- Exercise directions -
Pictures are to be dropped, and only the lines from the one containing "this 640×426 image." through the end of the data below are to be reproduced as written.

::::

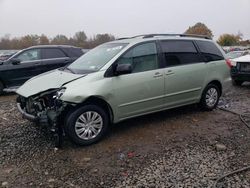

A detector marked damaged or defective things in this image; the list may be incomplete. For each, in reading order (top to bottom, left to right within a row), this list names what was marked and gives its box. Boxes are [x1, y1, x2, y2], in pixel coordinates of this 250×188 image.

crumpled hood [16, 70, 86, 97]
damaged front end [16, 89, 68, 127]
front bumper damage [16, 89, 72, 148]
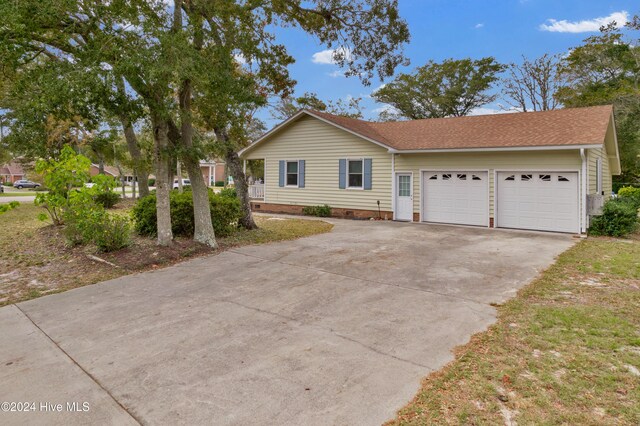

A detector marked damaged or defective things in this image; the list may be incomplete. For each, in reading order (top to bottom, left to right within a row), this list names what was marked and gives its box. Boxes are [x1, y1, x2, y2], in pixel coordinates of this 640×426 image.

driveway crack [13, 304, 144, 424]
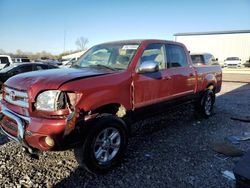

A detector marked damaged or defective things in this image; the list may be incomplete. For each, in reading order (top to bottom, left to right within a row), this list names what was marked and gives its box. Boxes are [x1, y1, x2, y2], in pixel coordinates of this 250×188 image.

::::

- Output for this task -
A detector marked damaged or defective things in this image; the list may be incomplete. For each, in reading order (top to bottom, left to right within a row), this list names what was marked and gives its box. Boxes are [x1, y1, x2, y2], in pixel coordinates of this 640×426 image.

driveway crack [13, 304, 144, 424]

A detector marked damaged or defective things in this image; the list may be incomplete. For each, in reading order (top to bottom, left to right within a row), this list names what was marked and gives its box. Boxes are [x1, y1, x2, y2], in pixel coordinates of this 250×188 image.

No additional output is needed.